I don't know what is wrong. I am in my early 20's and we have been married for 3 years. I really don't enjoy sex anymore. It used to be great and I must say I had a high sex drive. But now it is more of a chore. I never orgasm from intercourse. I am always left unsatisfied. Even if my husband lasts forever I just end up getting dried out after a while and he is always wondering why i don't orgasm even if he lasts long. I think because he doesn't really try forplay, he justs wants to put it in. But then even if he tries kiss before hand to get started up I end up feeling "annoyed" and it is like I am kissing someone who I don't like and it is a turn off. The weird thing is we don't have any marrital problems or even fight. Most of the time his way of initiating sex is to just start touching me out of no where like when I am watching TV or doing something. And I don't know why but that really irritates me. I don't like to have him just come up and grope me out of the blue. Does anyone else feel this way? Maybe I am not in love with him anymore? I noticed the lack of passion after we had my son who just turned 2. I can not have sex for a week and it doesn't even phase me. I really don't think about it. It is almost nice to just not worry about it. Any knowledge on this would be appreciated.
you know people change.. you change, I change, we all change... so dont expect anything.. this word is big >>EXPECT<< Have you guys got anything in comon ?? What do you both like to do, activities, outings, etc..... Maybe you love him less... things change but, things will come back to normal.. Tell him the way you feel too.. and, maybe tell him to take it easy with you.
Communication is the key in every relationship. Tell him how you feel, but I honestly don't believe things just start going down hill. Are you absolutely sure nothing is bothering you emotionally because that can really play a factor in everyday living?

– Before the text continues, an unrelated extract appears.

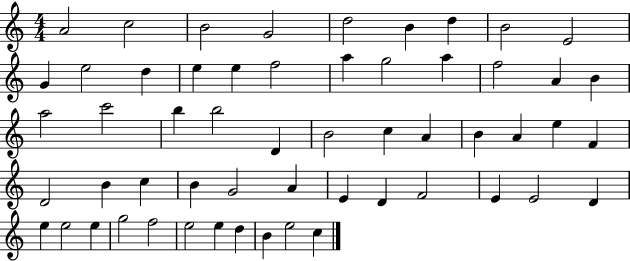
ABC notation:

Well lets see. He is gone at school all day and usually has to study at night. I am home with my son. When he is free, we like to watch movies go out to eat ect.. I guess if we ever want to go out alone we have to find a babysitter. We like the same music and both have the same personality to some degree. I think the only thing that REALLY bothers me is I feel he doesn't help me keep the house clean. Like when he is home he just wants to sit around and watch sports. He isn't great at cleaning up after himself. And I feel like whenever he helps with our son is when I ask him to. At least he doesn't refuse, but at the same time it would be nice if I didn't have to ask all the time for him to do anything. I have talked to him about this everyday and he always says he will do better but it is all talk with no results. I don't know someone told me that you shouldn't nag men because it makes them listen even less. Maybe thats why I don't enjoy sex with him? Another annoying thing is that he always wants me on top when I don't even get anything out of being on top at all. To me it is uncomfortable and absolutely pleasureless. And he still asks me. When that is really selfish because if he is going to enjoy it and finish either way then why can't he be on top so I can at least like it a little bit.
I'd refuse to go on top if it's only good for him and not you....that's very selfish of him. Plus, he doesn't do any foreplay for you which is also selfish. I would tell him you are not interested in sex b/c it's only good for him and that if he's not willing to do what you need for it to be mutually satisfactory, he can go please himself. If you continue to just let him use you, sounds like he's perfectly happy with that arrangment. YOu need to stand up and insist on it being a two way street from the pleasure standpoint or just refuse all together. Of course, I'd be delicate about how you say all of this b/c he might not realize how selfish he is being.